Wednesday, August 12, 2009

Some (new to me) SQL 2008 quirks

Let's just say that I inherited a bunch of really optimistic (naive?) code on the half a dozen or so SQL 2000 servers at my company.

History Lesson:
The first problem was everything was connected via linked server. In some sort of hokey attempt at redundancy / disaster recovery / load balancing the 'design' of the databases was such that a container could be moved to a different server and a hand full (ok, there are dozens) of linked servers could be modified and bam the entire thing just works.

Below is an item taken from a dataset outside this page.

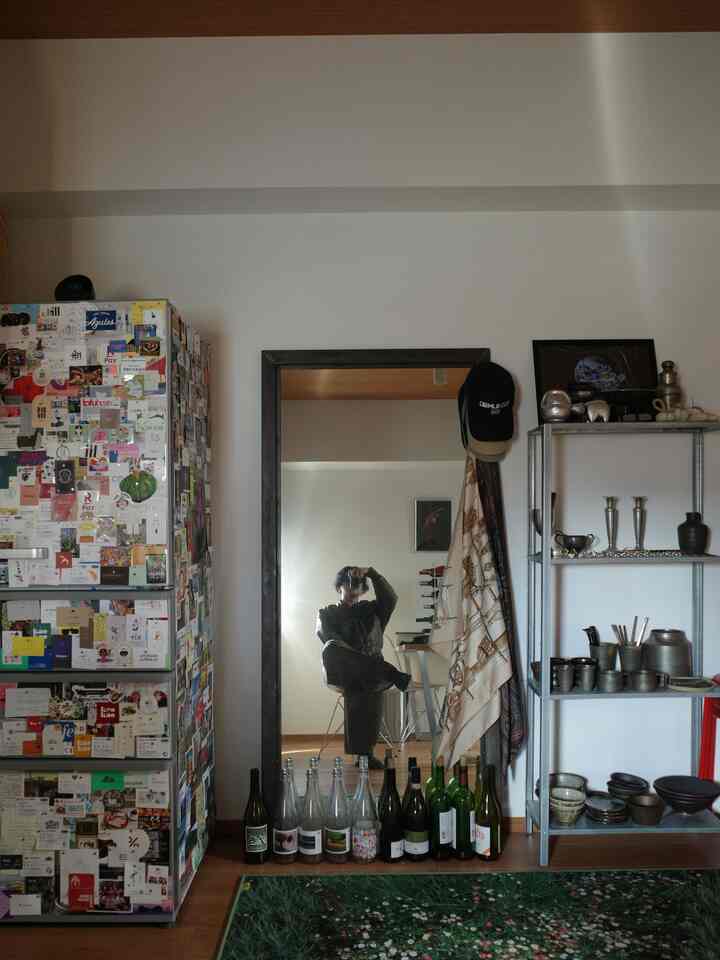 Natural color 1LDK kitchen for a single household featuring a large full-length mirror, refrigerator, metal shelf, and floral rug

Um.. right. That makes lots of assumptions on the security side (do the SID's match, are there the proper logins etc) not to mention the fact that performance over a linked server leaves a lot to be desired.

So we underwent a process of cramming 6 (+) database servers down to 3. We have one reporting server, one OLTP server and then one misc server. Well, ok, we have 3 misc servers but none of them are 'mission critical' so to speak.

Current Situation:
So when it is boiled down we have
1 OLTP server SQL 2008 Clustered
1 data warehouse server SQL 2000 (soon to be upgraded)
1 misc db server SQL 2008
1 SSRS Server SQL 2008

We consolidated all the OLTP stuff to the new OLTP server, then after we were satisfied it was good we underwent the clustering / SQL 2008 upgrade.

I gave the history lesson for a reason. Really I did.

If any system is going to work via linked servers over 6 different physical servers there must be a fairly small amount of data. AND if there is a small amount of data, well, then you can take liberties with how clean and efficient the code is (I mean, it isn't like SQL's Query Optimizer is going to work all that well over a linked server). Also, why index? I mean a few are good but no need to actually figure it out.

So that is the coding mentality of the majority of the code in most of our databases. Just get it done, as long as it runs.

Turns out SQL Server 2008 doesn't take kindly to poorly indexed tables and crappy TSQL code.

Chances are, if you wrote your own Stored Procs, designed your own databases, and have been charged with keeping it all up, your stuff is good... and upgrading to SQL 2008 is no big deal.

Boy oh boy, we have stumbled upon problem after problem. I have had to put my performance tuning hat on and dig into code that is so old and moldy that there are cob webs on top of cobwebs and carcass' of spiders a foot deep.

So observation 1: Stick to the basics
We had several instances of code operating on far too many records needlessly. Remember the where clause, it is your friend. Why update 28 Million rows when you can mess with 500,000?

Observation 2: The index suggestions in 2008 are OK, but not perfect
I really love the new (to me) feature of the execution plan suggesting indexes. Way cool. However, like all tools don't trust the output implicitly. Look at what it wants to do. Sometimes you have to force an index hint rather than build the index the server wants..... because a perfectly good index already exists.

Observation 3: Cursors still suck.
That goes without saying.... SQL is a set based language, code like it.

Observation 4: Index maint is even more important.
I had a pretty good defrag/reindex stored proc that I had for SQL 2000. It only touched indexes that it needed to based upon fragmentation, and didn't fill the logs (SQL's Maint plan did.. go fig)
So prior to the upgrade I tightened down on how much fragmentation I allowed. Down to 'round 1%... why? Because SQL 2000 was a bit over-optimistic on how clean the indexes are.

I downloaded and tweaked a good defrag script for 2008 (why re-invent the wheel?) and it runs great... however sometimes, when in the course of performance tuning, you run into indexes with low fragmentation that still perform like crap. Rebuild that sucker. It makes a big difference. Trust me.

Observation 5: Update statistics manually right after an upgrade
I figured the auto-update-stats would do the trick. It did... kinda.... Some of my most nagging and tough to git rid of problems disappeared when I updated stats.

AFTER I fixed the indexing and stats MOST of the code ran much faster. Some code had to be optimized because, well, it just wasn't well written... and as I said SQL 2008 isn't tolerant of crappy code.